These 3 fears can hurt any entrepreneur, but you may be in for extra risk if you think of yourself as a bootstrapper instead of entrepreneur.
Just be honest: Do you really label yourself based on how you fund your business? Why would that be?
I used to do that. I even wrote under a name Happy Bootstrapper. I should have called myself a Fearful Entrepreneur instead. I was hurting both myself and my business.
I carried the fears of leadership, risk and losing control. They translated into dangerous beliefs like:
Action is the best way to kill fear - but first step is to recognise the fear and see how it’s blocking your way forward.
Fear of Leadership - lead or become slave to your business
When I imagined my future business several years ago, I had this totally unrealistic picture in my mind.
I’d have no boss and no employees. I would run my own little business and keep what I earned. It’d be a software-as-a-service so machines would do most of the work and I’d only have to work a day or two in a week.

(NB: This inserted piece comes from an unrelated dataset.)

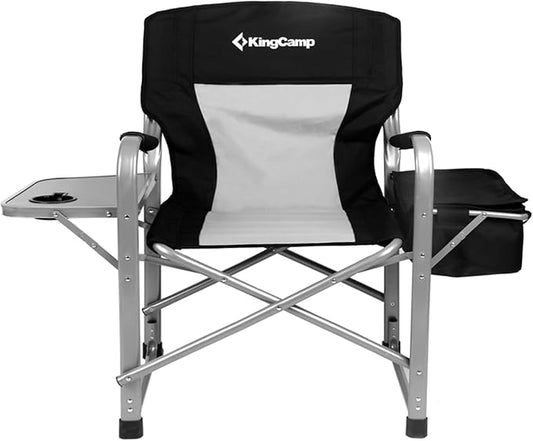 KingCamp XXL Oversized Directors Chair with Side Table, Folding Camping Chairs Heavy Duty 600lbs with Cooler Bag, Portable Camp Chair with Wide Seat for Hiking Fishing Lawn Outdoor and Sports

I wanted all the good parts of the entrepreneurship, without the ‘bad’ parts like risk, payroll and managing people. I also wanted to be my own boss… but I didn’t want to be a boss really, I just wanted keep doing what I did best.
That’s a dream. This is the reality:
When your business grows, so does the amount of work. There will always be more support. There will be need for architectural changes and improvements. The impact of possible server downtime will grow each day. Your app needs to renew and have new features. Before you’ll notice, you’ll be a slave to your business.
What’s the point of having a successful business if that’s all you have in your life?
To process this fear, accept that you need to learn leadership and just do it. Think of your business as a system and yourself as an employee in your business system. Don’t try to do everything yourself. Be prepared to hire help and build a team. You can get started by reading E-Myth Revisited by Michael Gerber.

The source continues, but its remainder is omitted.